Auf der anderen Seite seien Pferdesportler nach dem Tierschutzgesetz aber auch dazu verpflichtet, ihre Pferde artgerecht zu halten

Vereine, Betriebe, Pferdehalter, -sportler und -züchter oder Turnierveranstalter „sind gesellschaftlich verpflichtet, sich an die absolut berechtigten, aber scharfen und einschneidenden Maßnahmen der Behörden zu halten“ , heißt es auf der Internetseite der Deutschen Reiterlichen Vereinigung, kurz FN nach dem internationalen Namen Fédération Équestre Nationale. Auf der anderen Seite seien Pferdesportler nach dem Tierschutzgesetz aber auch dazu verpflichtet, ihre Pferde artgerecht zu halten, erklärte FN-Generalsekretär Soenke Lauterbach. „Es geht dabei allein darum, dass die notwendige Versorgung und Bewegung der Pferde sichergestellt wird.“

Das ist auch für Gabriele Handt, die Vorsitzende der Reitergemeinschaft Hegnach-Oeffingen, das Wichtigste. Bei den Privatpferden, die von ihren Besitzern bewegt werden, laufe der Betrieb zum Glück noch nahezu normal. „In diesem Bereich verlieren wir auch noch kein Geld“, sagt die Präsidentin. Anders als beim Reit- und Voltigierunterricht, der in Hegnach ebenfalls längst eingestellt ist. „Wir halten uns an alle Beschränkungen und Regeln, die uns von der FN vorgegeben werden.“

Da die RG Hegnach-Oeffingen keine Offenställe besitzt, müssen die Pferde in der Halle oder im Freien bewegt werden

Die finanziellen Verluste – durch die Absage des Ferienreitkurses in den Osterferien, des vereinsinternen Turniers im April sowie einiger Kindergeburtstage mit Ponyreiten und Pferdevorführungen, die sonst regelmäßig auf der Anlage an der Hartweinbergstraße organisiert werden – könnten für die RG ein großes Problem werden, sagt die 65-Jährige.

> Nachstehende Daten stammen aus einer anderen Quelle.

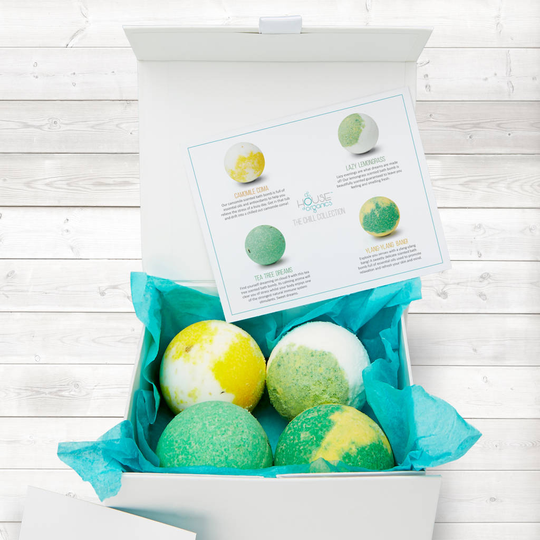Chill Collection Organic Bath Bomb Gift Set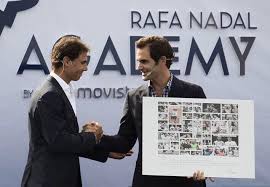 Ahead 2021 season, rafa nadal has started his practice in his own academy in spain. Hi Roger Federer We Still Remember Rafa Nadal Academy Facebook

Mehr Gedanken macht sie sich aber um die Pferde. „Die Koppeln für die Schulpferde sind noch nicht fertig. Wir fangen Ende März damit an, die Zäune zu richten und Dünger aufzubringen. Vor Anfang Mai können die Pferde nicht drauf“, sagt Gabriele Handt. Da die RG Hegnach-Oeffingen keine Offenställe besitzt, müssen die Pferde in der Halle oder im Freien bewegt werden, erklärt die Vorsitzende. Für die zwei Reithallen gibt es deshalb klare Regeln – maximal vier Reiter dürfen sich gleichzeitig in der kleinen, 20 auf 40 Meter großen Halle aufhalten, sechs Reiter in der 30 auf 60 Meter großen Halle. „Ausreiten im Freien ist erlaubt. Im Sattel hat man automatisch ausreichend Abstand, und wir sind maximal zu zweit unterwegs“, sagt Gabriele Handt, die regelmäßig von ihrem Wohnort Degerloch zu ihrem Pferd „Dexter“ nach Hegnach fährt.

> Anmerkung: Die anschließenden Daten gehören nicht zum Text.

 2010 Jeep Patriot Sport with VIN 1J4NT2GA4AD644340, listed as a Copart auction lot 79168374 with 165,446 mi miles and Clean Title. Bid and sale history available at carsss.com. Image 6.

Nicole Riedißer, die stellvertretende Vorsitzende der Reitervereinigung Rommelshausen, nimmt alle Auflagen sehr ernst und setzt sie um. „Wir tun alles, dass sich möglichst wenige Menschen treffen, wenn sie sich hier um die insgesamt 28 Pferde kümmern.“ Das für Ende April geplante Frühjahrsturnier haben die Rommelshausener schon in der vorvergangenen Woche abgesagt, ebenso den geplanten Springreiterlehrgang, und überall im Stall und in der Reithalle wurden Plakate mit Verhaltensmaßregeln aufgehängt. „Wir hoffen nur, dass die Vorschriften nicht weiter verschärft werden müssen“, sagt Nicole Riedißer. Und nicht nur Jürgen Gaiser fürchtet, dass der eine oder andere Reiter gezwungen sein könnte, aus finanziellen Gründen, sein Pferd zu verkaufen. Dann könnte es auch nach der Corona-Krise ruhiger auf den Anlagen werden.